Wir meinen: Auch wenn die HfBK behauptet, dass das Geld nicht direkt von Airbus kommt, werden Ausstellung, Veröffentlichung und Preis eindeutig mit diesem Geld finanziert - und die HfBK bewirbt es auch deutlich so.4 Darüber hinaus halten wir es für höchst fragwürdig, dass die Aufteilung innerhalb von Airbus zwischen „zivil“ und „militärisch“ nicht nur eine als eine Formalität ist. Aus unserer Sicht ist es wahrscheinlich, dass die „zivile“ Firma mit Sitz in Hamburg Finkenwerder, die „Airbus Operations GmbH“, militärische Teile und Komponenten verarbeitet, die für eine spätere militärische Nutzung vorbereitet werden.5
Es ist sehr wahrscheinlich, dass Airbus Synergien zwischen seinen Geschäftsbereichen anstrebt. So oder so, selbst wenn eine solche Trennung vorläge - was sehr unwahrscheinlich ist - trägt die HfBK immer noch dazu bei, Airbus als rein ziviles Unternehmen darzustellen, und verschleiert eine seiner Haupteinnahmequellen. Hat die HfBK genug recherchiert, um ihre Behauptung einer solchen Trennung innerhalb von Airbus zu untermauern?

Es ist inakzeptabel, dass die HfBK ein Unternehmen, das Waffen herstellt, in der Öffentlichkeitsarbeit unterstützt, unabhängig davon, wie großzügig dieses Unternehmen finanziell ist. Kultureinrichtungen, die Veranstaltungen für Kriegsprofiteure ausrichten und von diesen finanziert werden, untergraben die künstlerische Integrität und entziehen in diesem speziellen Kontext den präsentierten Werken ihre Glaubwürdigkeit. Ein kritischer Diskurs über die gesellschaftliche Rolle und wirtschaftliche Funktion des Kultursponsorings durch die Rüstungsindustrie ist notwendig. Solche Partnerschaften dürfen nicht normalisiert werden.

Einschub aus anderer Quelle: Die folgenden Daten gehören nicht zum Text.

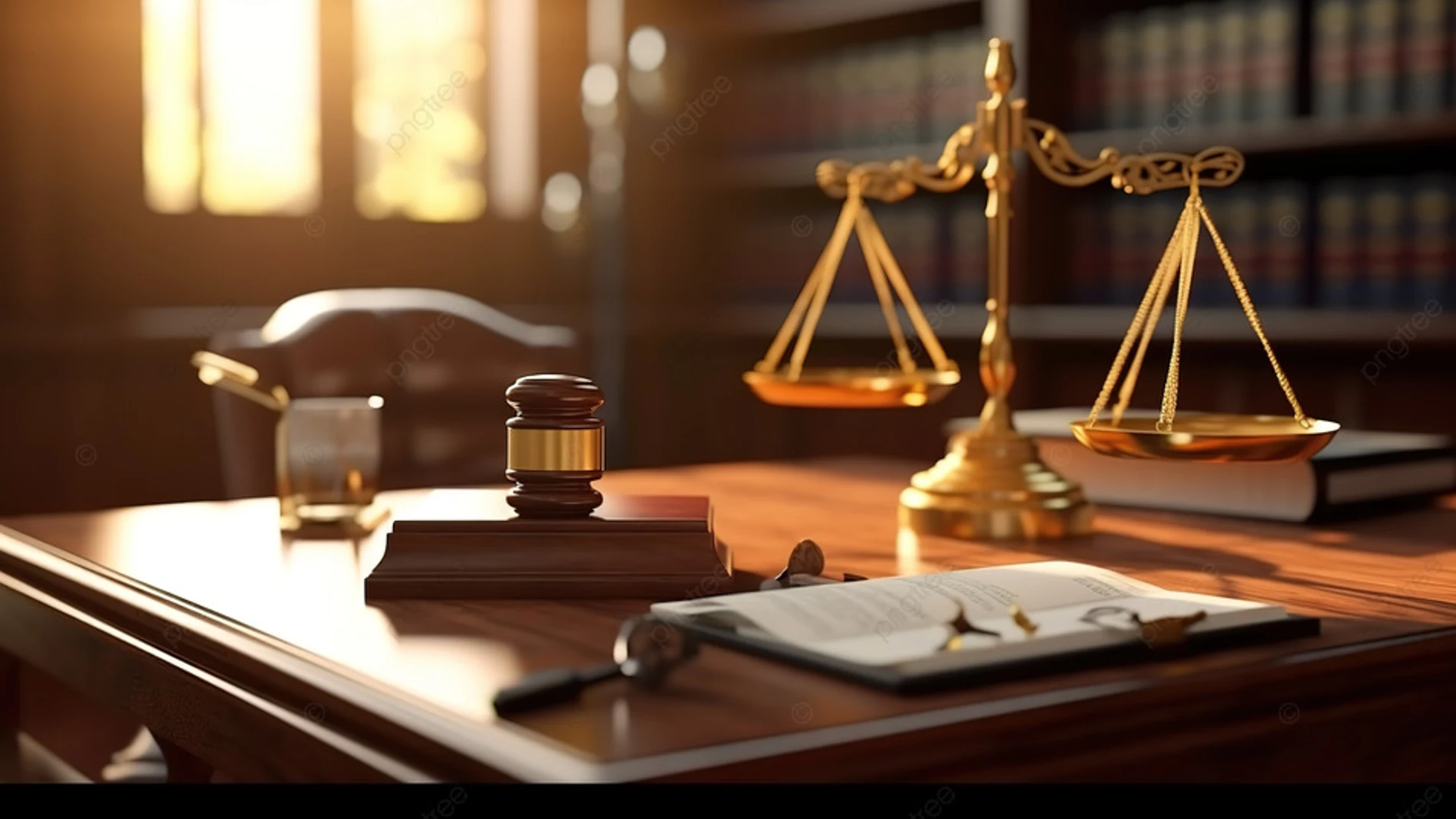 Responder a personajes públicos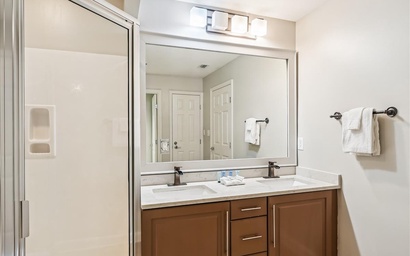 501 Sterling Beach 17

Wir fordern, dass die HfBK die Beziehungen zu allen Rüstungsunternehmen kappt. Wir verurteilen nicht einzelne Künstlerinnen und Künstler für die Annahme von Fördermitteln, sondern fordern die HFBK als Institution auf, Grenzen für die Annahme von Partnerschaften zu setzen. Einzelne Künstler haben vielleicht nicht die Mittel, ihre Finanzierungsquellen zu wählen, aber die Institution schon. Wir hoffen auch, dass sich Dialoge eröffnen und, dass das ethische Dilemma problematisiert werden kann, in dem sich arbeitende Künstler:innen befinden, die unter prekären finanziellen Bedingungen versuchen, im Kapitalismus zu überleben. Wie können wir uns als arbeitende Künstler:innen organisieren, damit sich diese Fragen nicht auf die individuelle Ethik beschränken, sondern zu strukturellen Veränderungen führen?